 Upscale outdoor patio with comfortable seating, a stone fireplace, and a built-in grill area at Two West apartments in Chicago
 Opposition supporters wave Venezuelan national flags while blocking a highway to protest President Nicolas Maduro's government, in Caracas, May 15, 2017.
==
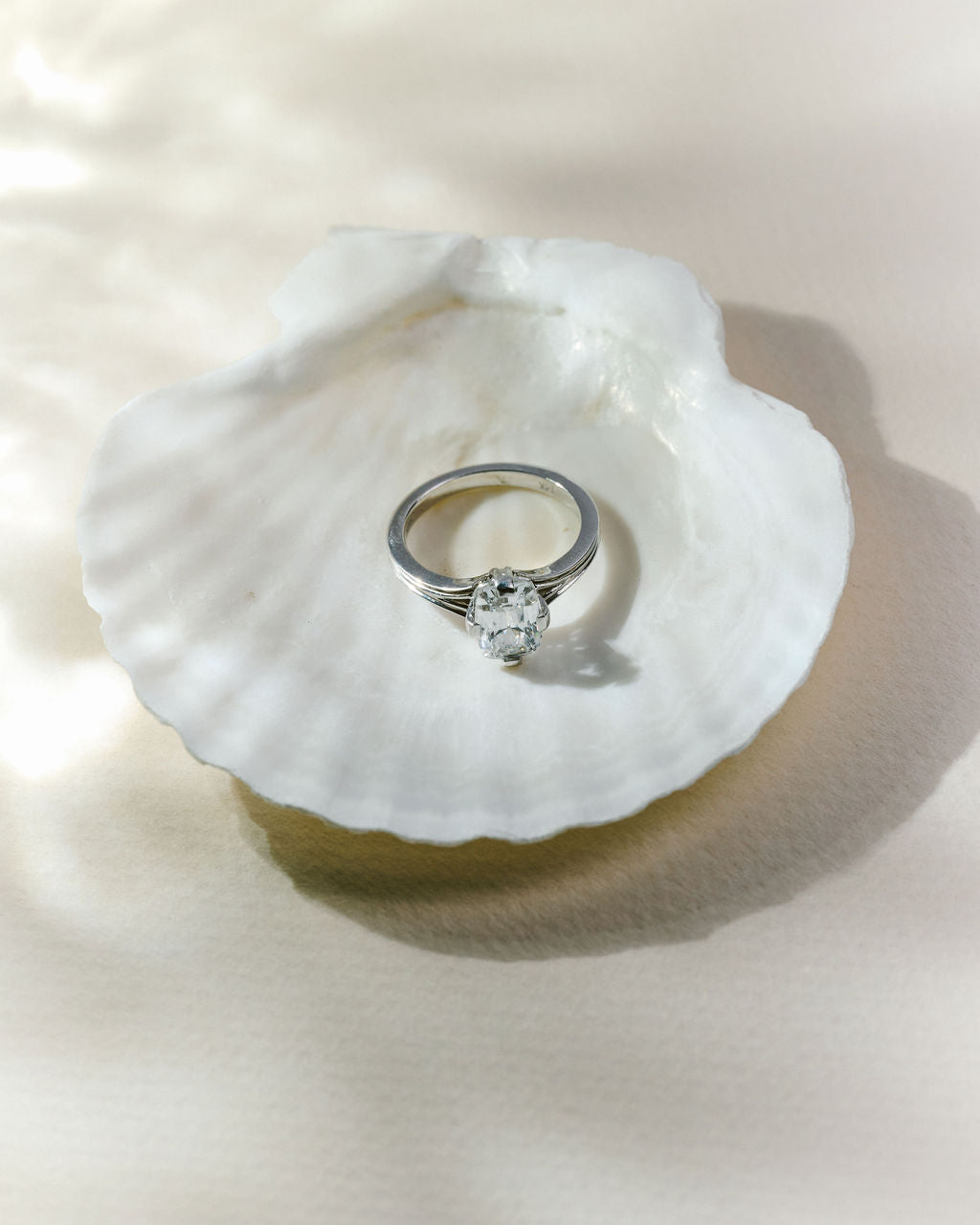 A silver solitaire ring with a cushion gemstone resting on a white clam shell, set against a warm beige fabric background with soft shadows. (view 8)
* * *
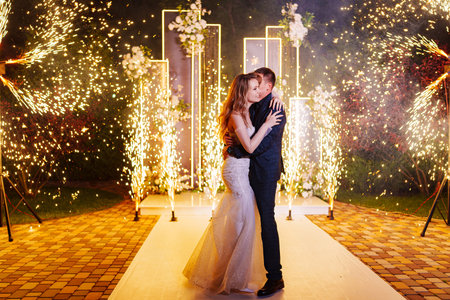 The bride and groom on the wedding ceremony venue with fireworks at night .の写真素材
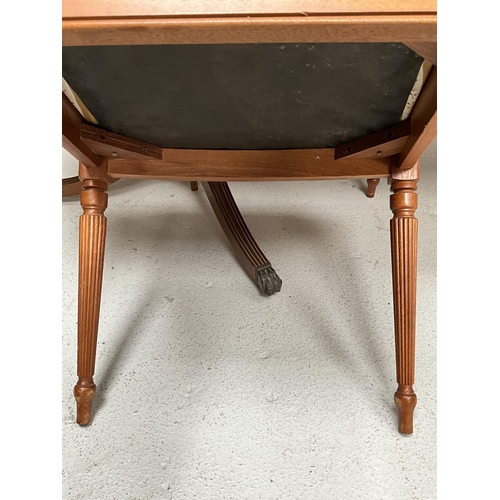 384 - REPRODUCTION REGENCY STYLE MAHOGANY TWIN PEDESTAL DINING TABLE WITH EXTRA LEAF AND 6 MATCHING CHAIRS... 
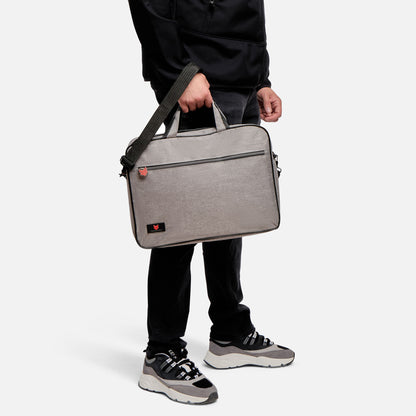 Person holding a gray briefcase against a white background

**About this task**: Keep to the lines above from the line with "The bride and" to the line with "Person holding a", and set down exactly those, inclusive, with nothing else and every picture left out.

**Answer area**:
 The bride and groom on the wedding ceremony venue with fireworks at night .の写真素材
 384 - REPRODUCTION REGENCY STYLE MAHOGANY TWIN PEDESTAL DINING TABLE WITH EXTRA LEAF AND 6 MATCHING CHAIRS... 
 Person holding a gray briefcase against a white background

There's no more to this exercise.